Data entries:
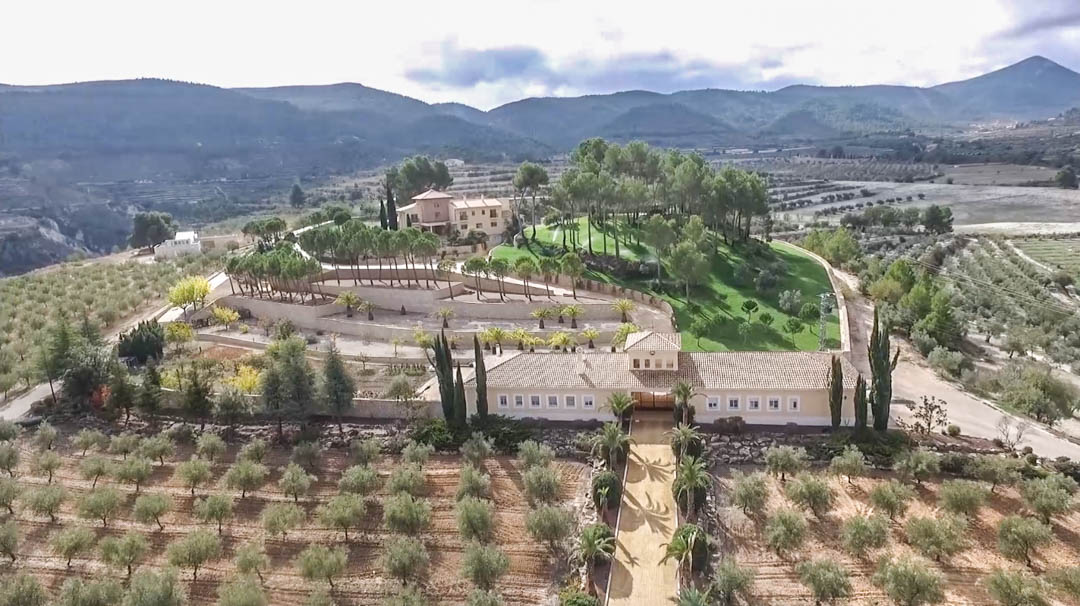 Espectacular finca con villa y casa de invitados en Penáguila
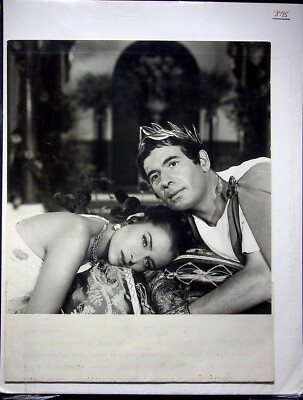 Marina Berti, Leo Genn, 1951 Celebrity Photo Vintage Backboard 10x12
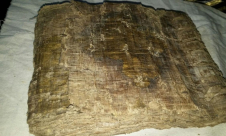 السلطات التركية تضبط إنجيلًا عمره ألف عام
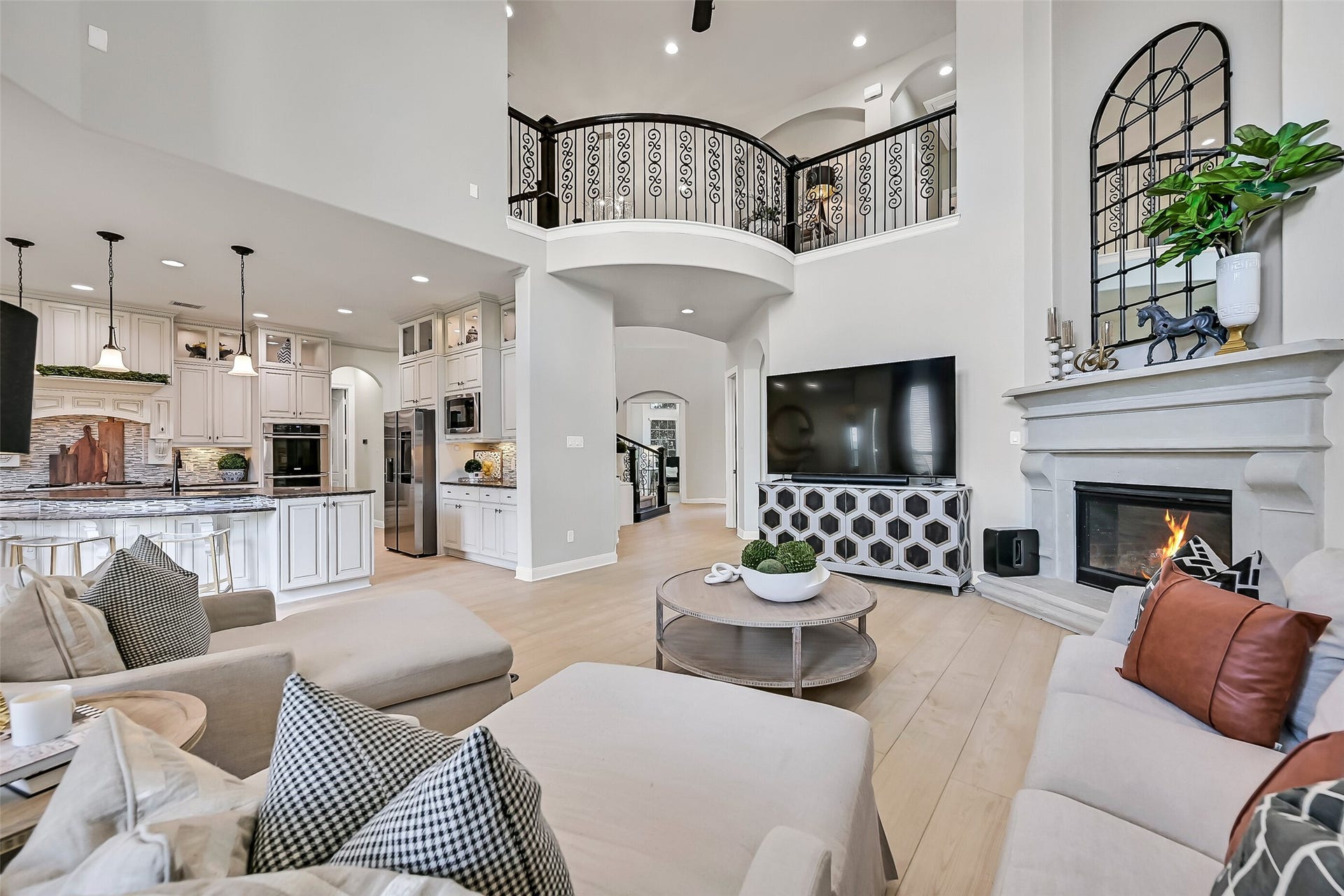 2204 Stillhouse Hollow Lane, Friendswood, TX 77546 The open-concept design creates exceptional sightlines from the family room to the kitchen and second-floor overlook, making the home feel even more spacious. Soaring ceilings, luxury vinyl plank flooring, and elegant architectural details tie these gathering spaces together beautifully.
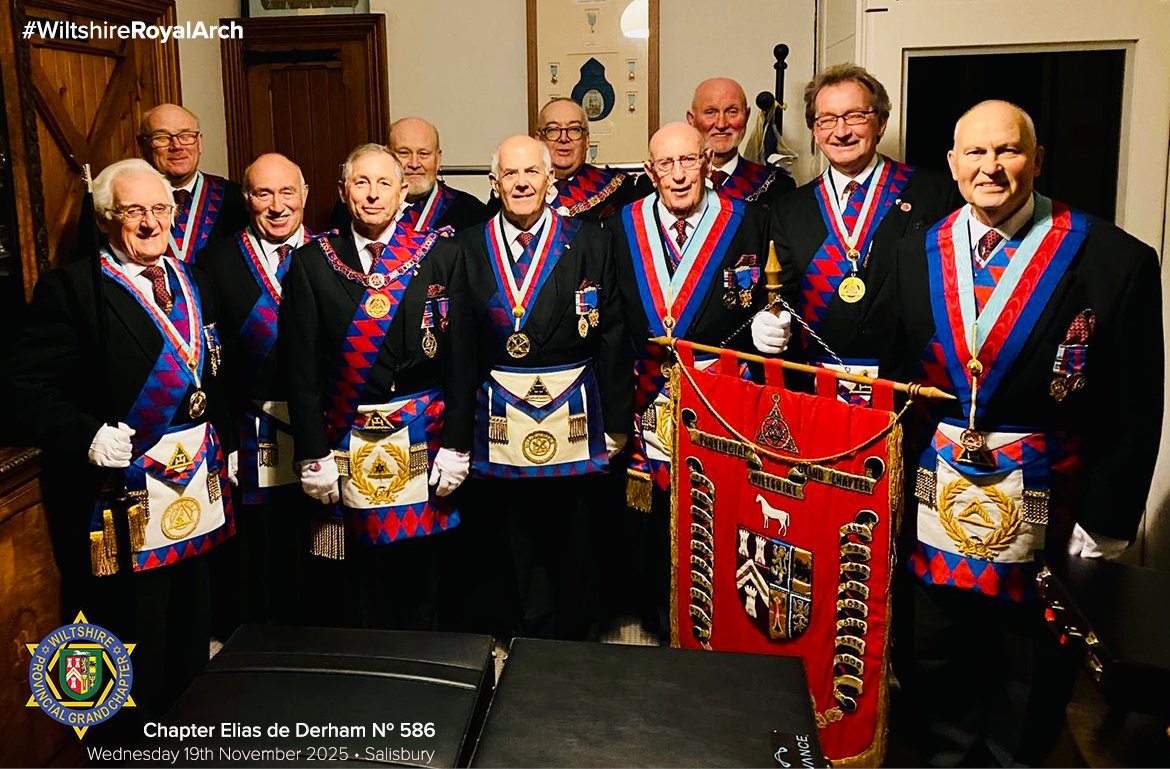 #WiltshireRoyalArch The DepMEGS, EComp Simon Ellingham, accompanied by Second Provincial Grand Principal, EComp Mark Lovell and Officers of Supreme and Provincial Grand Chapter attending Chapter Elias de Derham Nº 586, meeting in Salisbury last night. <a href="/PGCWiltshire/">PGChapter Wiltshire</a> <a href="/wiltspgl/">Wiltshire Freemasons</a>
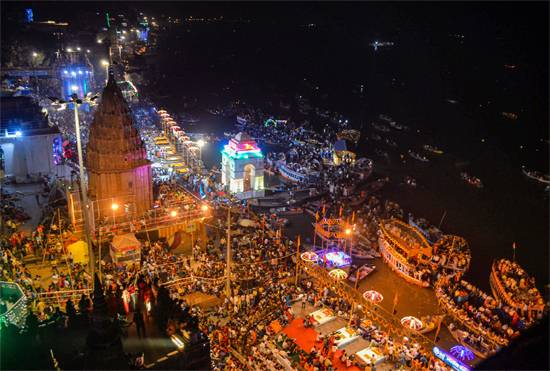 देव दीपावली पर वाराणसी के घाटों पर अद्भुत नजारा, उमड़ा जनसैलाब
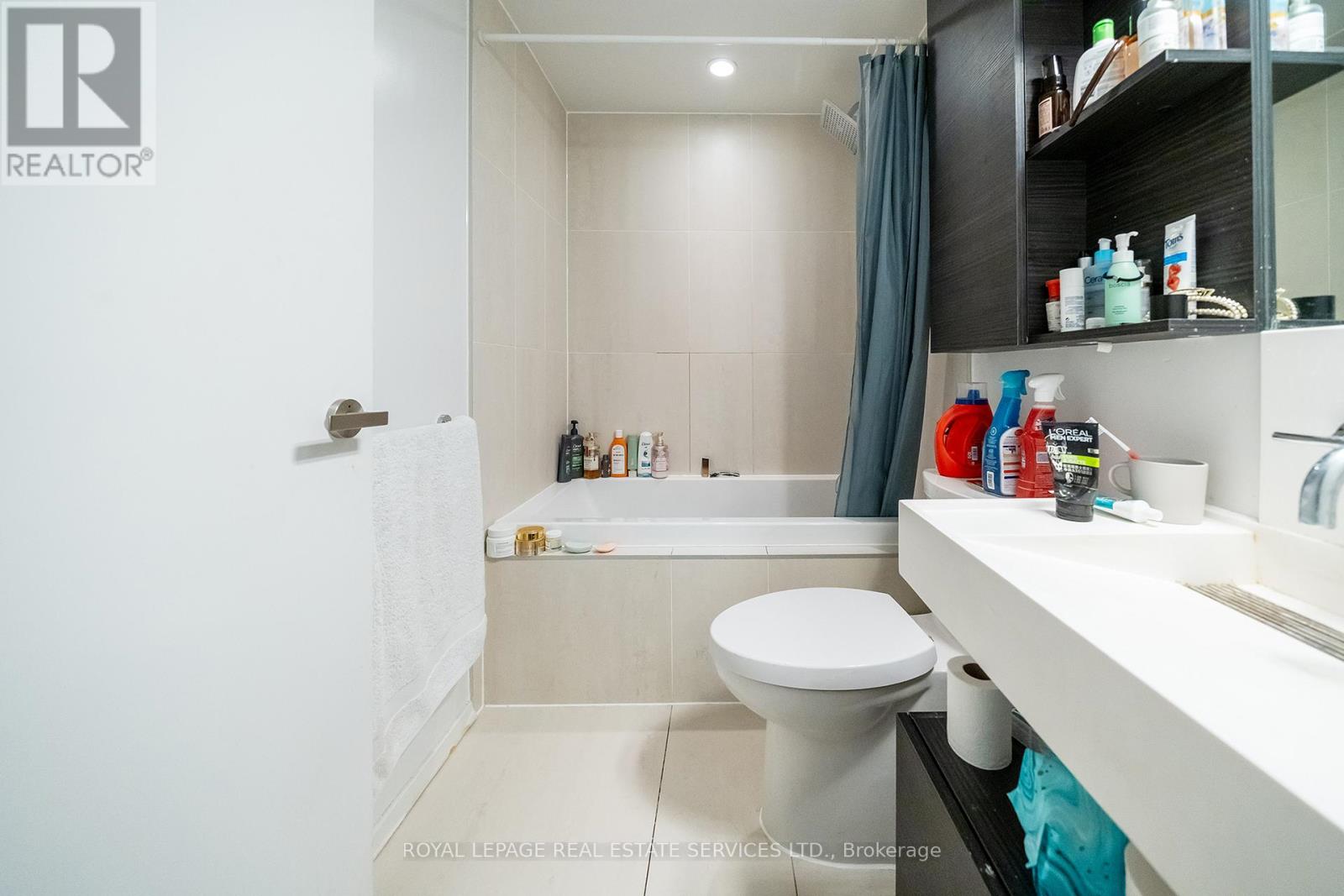 3704 - 5 St. Joseph Street, Toronto, Ontario  M4Y 1J6 - Photo 19 - C12483493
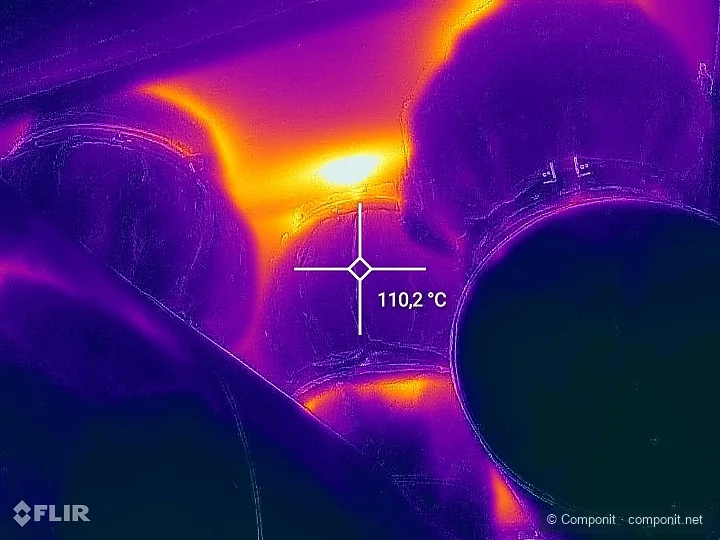 Imagen termográfica de sellos de penetración de tuberías con un punto caliente identificado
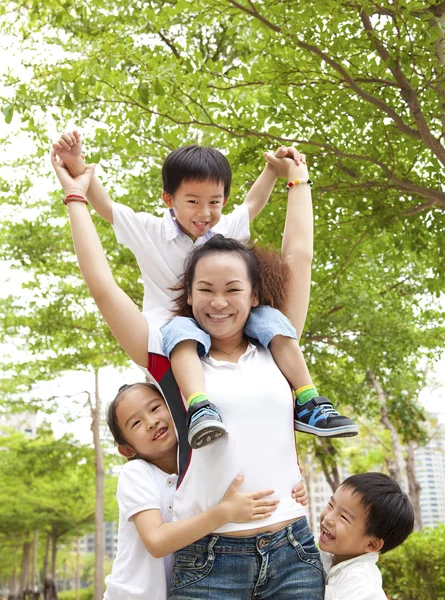 快乐亚洲母亲与她的女儿和儿子 — 图库照片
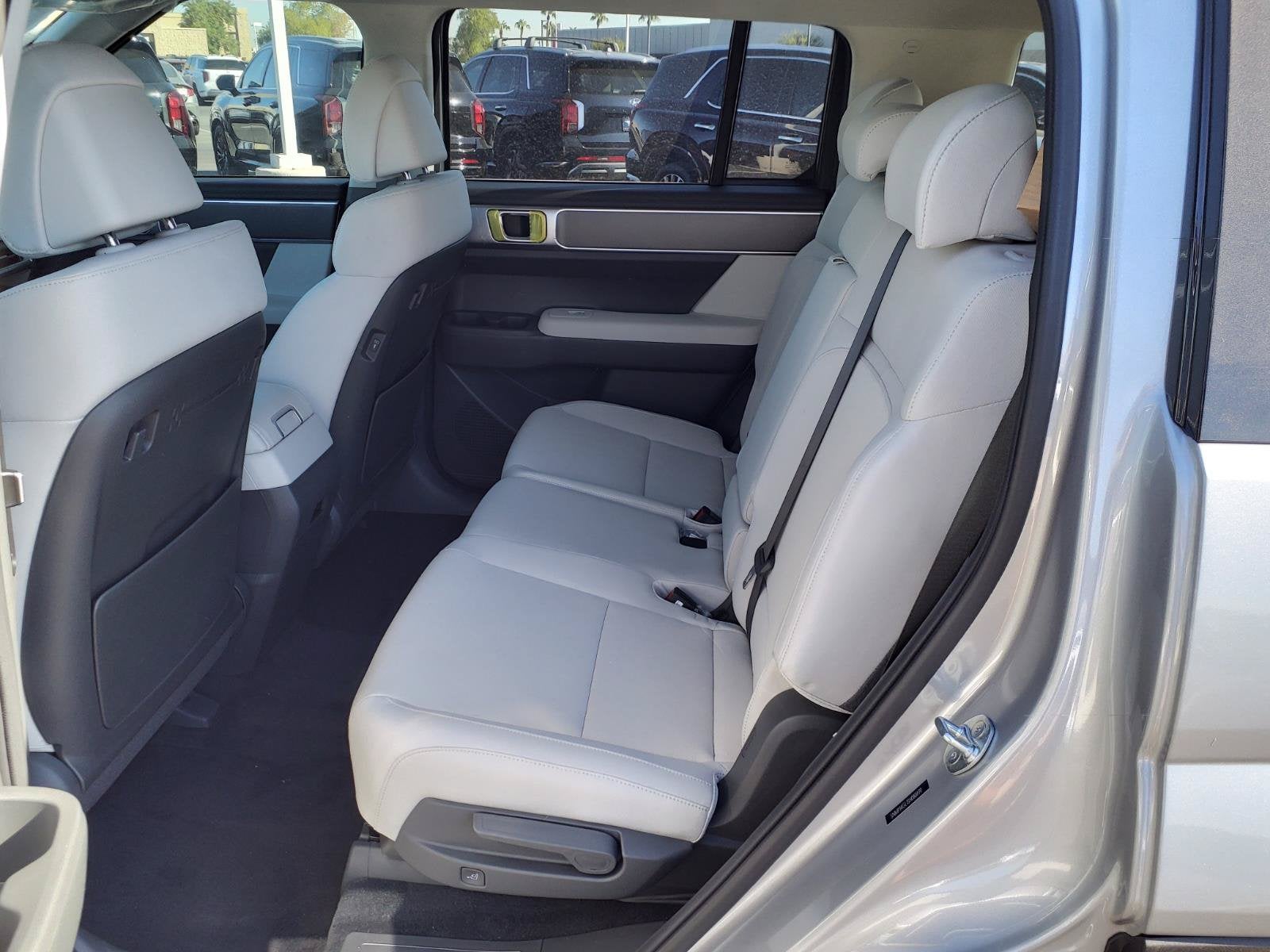2027 Hyundai Santa Fe SE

■ Exercise details:
From the first line to the last, repeat the data above exactly and leave the pictures out.

■ Solution for this exercise:
 Espectacular finca con villa y casa de invitados en Penáguila
 Marina Berti, Leo Genn, 1951 Celebrity Photo Vintage Backboard 10x12
 السلطات التركية تضبط إنجيلًا عمره ألف عام
 2204 Stillhouse Hollow Lane, Friendswood, TX 77546 The open-concept design creates exceptional sightlines from the family room to the kitchen and second-floor overlook, making the home feel even more spacious. Soaring ceilings, luxury vinyl plank flooring, and elegant architectural details tie these gathering spaces together beautifully.
 #WiltshireRoyalArch The DepMEGS, EComp Simon Ellingham, accompanied by Second Provincial Grand Principal, EComp Mark Lovell and Officers of Supreme and Provincial Grand Chapter attending Chapter Elias de Derham Nº 586, meeting in Salisbury last night. <a href="/PGCWiltshire/">PGChapter Wiltshire</a> <a href="/wiltspgl/">Wiltshire Freemasons</a>
 देव दीपावली पर वाराणसी के घाटों पर अद्भुत नजारा, उमड़ा जनसैलाब
 3704 - 5 St. Joseph Street, Toronto, Ontario  M4Y 1J6 - Photo 19 - C12483493
 Imagen termográfica de sellos de penetración de tuberías con un punto caliente identificado
 快乐亚洲母亲与她的女儿和儿子 — 图库照片
2027 Hyundai Santa Fe SE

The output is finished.